You are viewing a plain text version of this content. The canonical link for it is here.
Posted to dev@hbase.apache.org by Devaraj Das <dd...@hortonworks.com> on 2016/05/02 19:52:12 UTC
Re: What's going on? Two C++ clients being developed

(Meant to send this earlier but got delayed)
Thanks Clay for the inputs. Would like to give a quick update on where we are at this point and solicit thoughts on how to proceed from here:

1. The patch (from Vamsi) that has been uploaded on RB last has the copyright and other license related stuff taken care of.

2. We are taking a look at making the configuration pluggable, and provide an implementation that works with XML files. Maybe, something like this - if the configured conf directory has XML files, assume they are the default config files. If not, use the config loader meant for that particular type. The filename extension can be used to make this choice I guess..

3. On the sync/async RPC implementation, we are continuing to investigate this. This is something we could work together on with Elliott actively. On a related note, we have an implementation of the "batch" calls that's doing the get/put sequentially for each of the get/put. The HBase Java-client's AsyncProcess does it so that multiple regionservers are reached out to in parallel, etc. Looking at if implementing the RPC async from the get go would obviate the need for AsyncProcess in c++ client...

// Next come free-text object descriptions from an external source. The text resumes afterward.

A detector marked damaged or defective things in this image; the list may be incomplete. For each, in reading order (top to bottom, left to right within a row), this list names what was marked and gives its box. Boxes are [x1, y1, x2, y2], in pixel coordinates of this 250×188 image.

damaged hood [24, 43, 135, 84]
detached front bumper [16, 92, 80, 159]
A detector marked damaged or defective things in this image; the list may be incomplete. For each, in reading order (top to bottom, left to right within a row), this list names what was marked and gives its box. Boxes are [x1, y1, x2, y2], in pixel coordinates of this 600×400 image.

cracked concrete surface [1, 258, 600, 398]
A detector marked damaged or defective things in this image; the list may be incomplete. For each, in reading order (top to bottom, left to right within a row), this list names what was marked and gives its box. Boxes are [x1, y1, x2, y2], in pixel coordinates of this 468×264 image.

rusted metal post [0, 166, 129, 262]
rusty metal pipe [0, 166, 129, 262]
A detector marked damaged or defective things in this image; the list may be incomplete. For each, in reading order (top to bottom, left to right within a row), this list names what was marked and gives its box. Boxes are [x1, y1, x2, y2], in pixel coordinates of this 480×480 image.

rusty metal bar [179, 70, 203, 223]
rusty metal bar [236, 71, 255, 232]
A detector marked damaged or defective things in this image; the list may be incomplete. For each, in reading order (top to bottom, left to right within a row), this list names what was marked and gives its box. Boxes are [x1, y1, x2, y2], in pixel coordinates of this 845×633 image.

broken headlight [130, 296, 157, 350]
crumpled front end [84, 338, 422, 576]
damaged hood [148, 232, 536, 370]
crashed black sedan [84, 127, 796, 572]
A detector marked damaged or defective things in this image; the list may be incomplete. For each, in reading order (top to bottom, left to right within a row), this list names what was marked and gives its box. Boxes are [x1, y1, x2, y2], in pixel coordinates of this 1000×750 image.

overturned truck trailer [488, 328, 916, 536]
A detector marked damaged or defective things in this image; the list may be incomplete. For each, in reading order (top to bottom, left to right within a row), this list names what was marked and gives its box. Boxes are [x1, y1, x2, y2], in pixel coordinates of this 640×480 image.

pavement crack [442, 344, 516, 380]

4. We can look at making smaller patches for the various client API and associated classes like GET, PUT, TableName, etc. (this is called out in the last mail from Enis). The way I see it - there is the front end work for providing classes for the APIs, and there is the back end work - Connection management, RPC, AsyncProcess-like-stuff.. There is a good amount of work done in Vamsi's patch for the former, and there is an Async RPC basis for the backend in Elliott's branch. We should see how we can leverage both and come up with one unified implementation if possible.

Thoughts?

________________________________________
From: Clay Baenziger (BLOOMBERG/ 731 LEX) <cb...@bloomberg.net>
Sent: Monday, April 25, 2016 11:01 AM
To: dev@hbase.apache.org
Subject: Re: What's going on? Two C++ clients being developed

From an operator's view-point, I would add:

I am concerned that as an operator who often has to build Hadoop eco-system components and is chiefly interested in these C++ bindings that a non Apache, GNU or otherwise large-scale community supported open source utility in the build chain is liability to this codebase and its adoption.

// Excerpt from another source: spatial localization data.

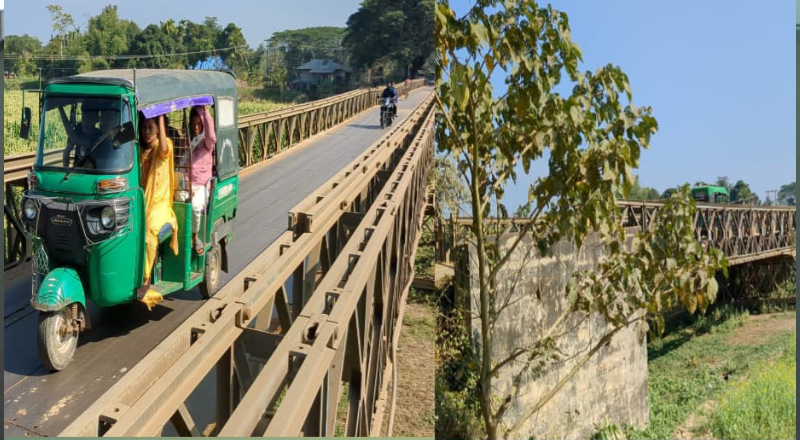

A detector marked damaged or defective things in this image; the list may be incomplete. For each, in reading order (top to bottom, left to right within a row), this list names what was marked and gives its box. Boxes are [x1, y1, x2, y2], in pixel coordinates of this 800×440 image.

rust on steel beam [58, 89, 434, 436]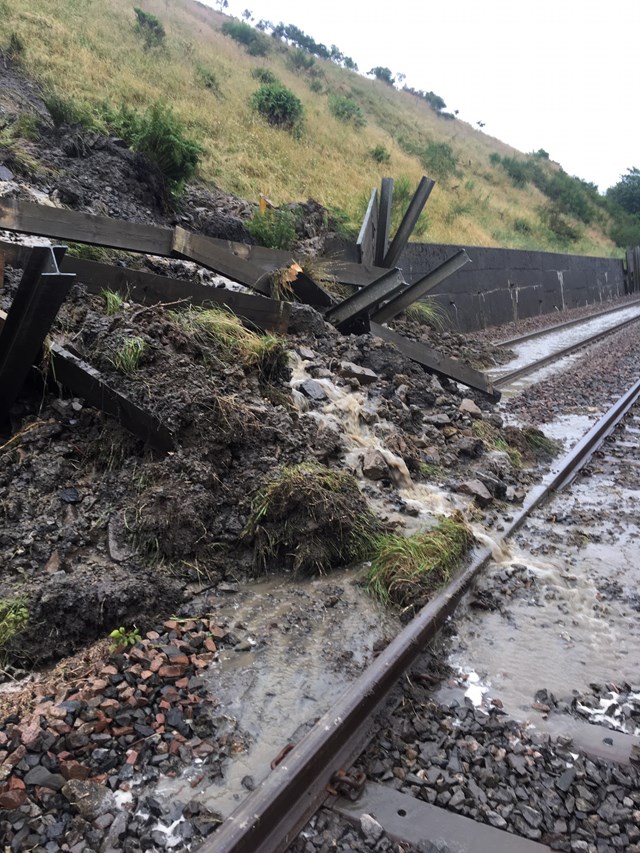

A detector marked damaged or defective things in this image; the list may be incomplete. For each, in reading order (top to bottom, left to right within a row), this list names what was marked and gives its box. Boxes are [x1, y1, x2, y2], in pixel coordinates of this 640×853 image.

broken timber beam [356, 188, 380, 264]
broken timber beam [372, 181, 392, 270]
broken timber beam [382, 173, 432, 266]
broken timber beam [0, 245, 75, 418]
broken timber beam [0, 306, 175, 452]
broken timber beam [324, 270, 404, 332]
broken timber beam [372, 250, 472, 326]
broken timber beam [370, 322, 500, 402]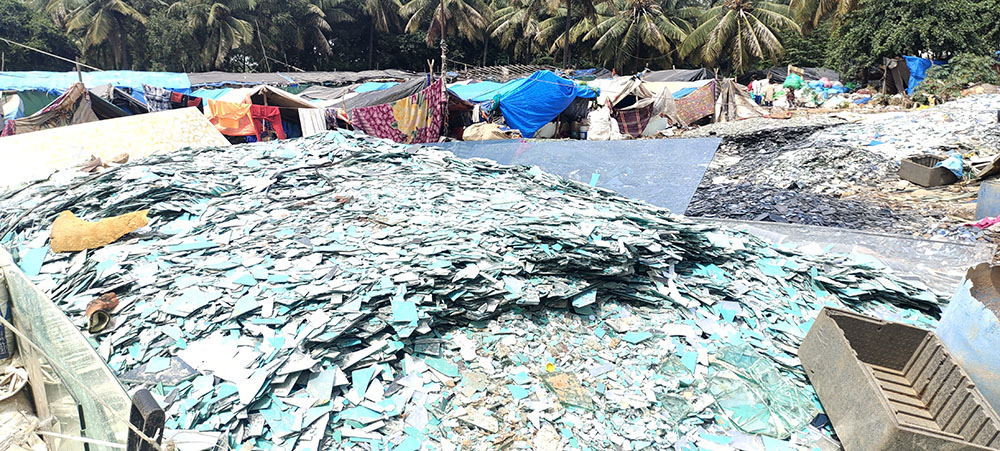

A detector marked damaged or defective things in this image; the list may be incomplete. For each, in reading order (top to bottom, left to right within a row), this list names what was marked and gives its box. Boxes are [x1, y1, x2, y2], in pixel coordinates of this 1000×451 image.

pile of broken glass [0, 129, 944, 450]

As to the configuration process, I would really like to keep with XML. I am looking to use Maven repositories to host the configurations of our clusters (e.g. a POM-file per cluster hosting hbase-site.xml, hdfs-site.xml, etc.); it would be a pain to have to synchronize two configurations of the same information both on the publishing side and client side dependent on the use. It would be possible to duplicate all this information just because of different consumers but XML should not be terribly difficult for C/C++ code to parse -- e.g. OpenSolaris's use in SMF, Zones, etc. Further, for an example of an incubator project which uses XML configs already, see Apache HAWQ's use of hdfs-client.xml and similar for YARN with their pure non-Java implementation for HDFS and YARN client: https://github.com/apache/incubator-hawq/blob/9452055bc74e64f308a8b6cc2b7ab946e5584ba8/src/backend/utils/misc/etc/hdfs-client.xml.

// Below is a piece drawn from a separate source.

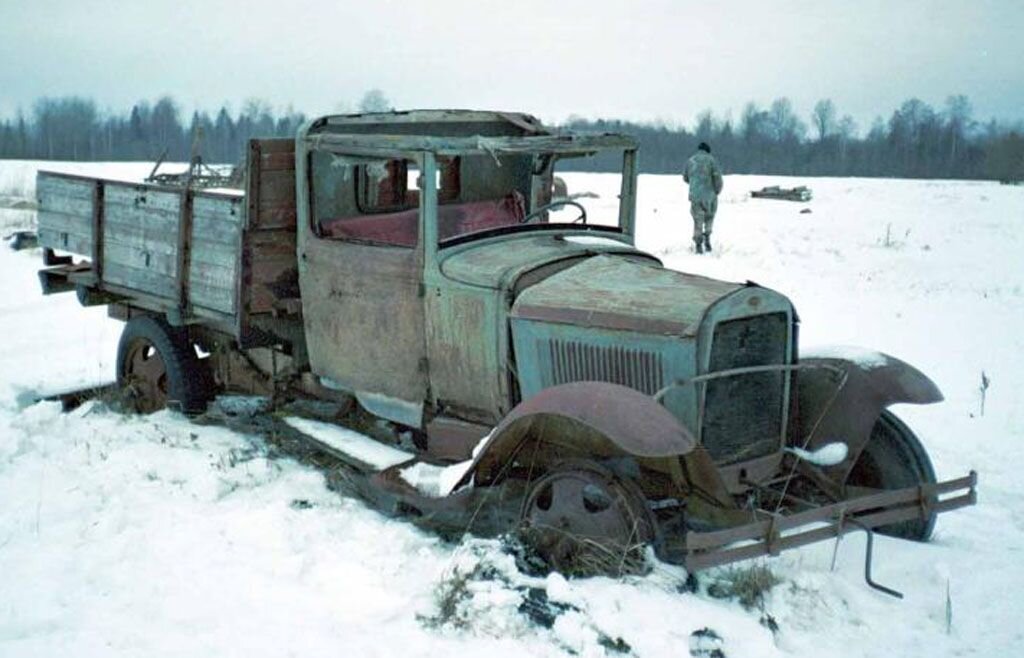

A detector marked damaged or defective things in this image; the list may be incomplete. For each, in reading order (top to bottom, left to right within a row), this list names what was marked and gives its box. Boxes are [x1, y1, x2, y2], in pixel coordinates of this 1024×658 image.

rusty old truck [34, 110, 974, 589]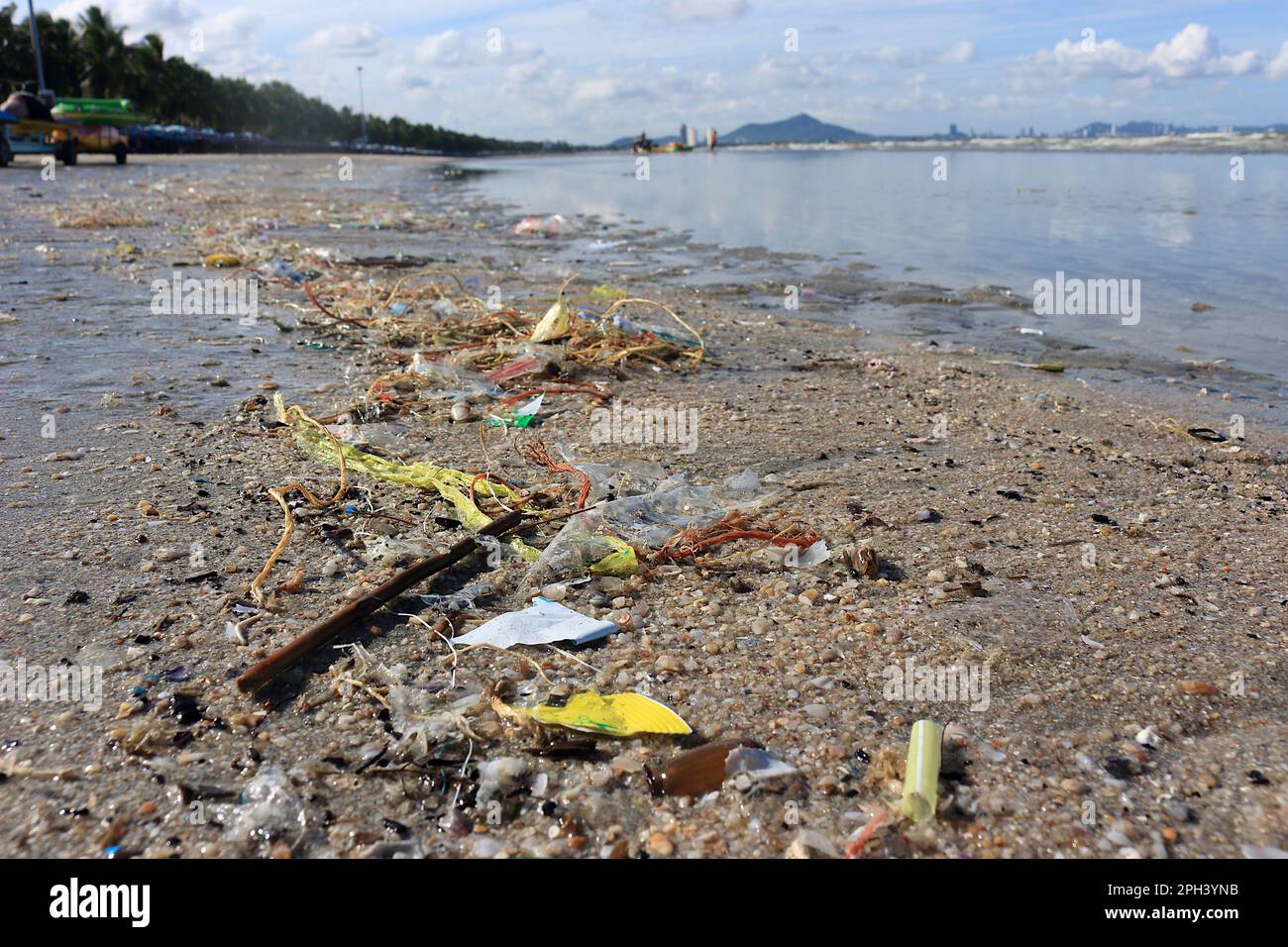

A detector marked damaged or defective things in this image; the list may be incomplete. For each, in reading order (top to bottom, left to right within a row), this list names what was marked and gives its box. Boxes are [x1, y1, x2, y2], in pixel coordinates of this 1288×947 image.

rusty metal rod [237, 510, 522, 695]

I certainly would not be opposed to a pluggable configuration system. I'd imagine Apache Ambari could use that to not need to materialize XML configs from Postgres; I could see using Zookeeper akin to how Apache Solr Cloud uses Zookeeper for configuration information. But at this time, we have XML files for better or worse and a pluggable configuration system sounds like a great separate JIRA.

-Clay


From: dev@hbase.apache.org At: Apr 19 2016 15:31:25
To: dev@hbase.apache.org
Subject: Fwd:Re: What's going on? Two C++ clients being developed at the moment?

So there are a couple of technical topics that we can further discuss and
hopefully come to a conclusion for going forward.

1. Build system. I am in the auto-tools camp, unless there is a very good
reason to use a non-standard tool like Buck / Bazel, etc. Not sure whether
it makes sense to have two different build systems concurrently. Can we do
the main build with make, and create a wrapper with Buck?

2. XML based configuration versus something native. I strongly believe that
we should support standard hbase-site.xml. A lot of tooling in the Hadoop
ecosystem has already been developed for managing and deploying XML based
configurations over the years. Puppet / Chef scripts, Ambari, CM, etc all
understand and support hbase-site.xml. This is also true for hadoop
operators who should be familiar with modifying these files. So it would be
a real pain if we suddenly come up with yet another config format that
requires the operators and tools to learn how to deploy and manage. What if
there are both java clients and C++ clients in the same nodes. How do you
keep two config files in sync? Then there is the issue of
hbase-default.xml. It should be sourced by the config system of C++ client
otherwise how can we default the values? We cannot keep a different version
of the defaults file for the native as well since they will go out of sync
really soon.

Having said that though, it does not mean we should not support other
config formats. We can make the configuration pluggable, so that if needed
other implementations based on properties, etc can be developed.

3. Licenses / Copyright. I think there is already agreement that GPL is a
no-no, and all copyright have to be fixed.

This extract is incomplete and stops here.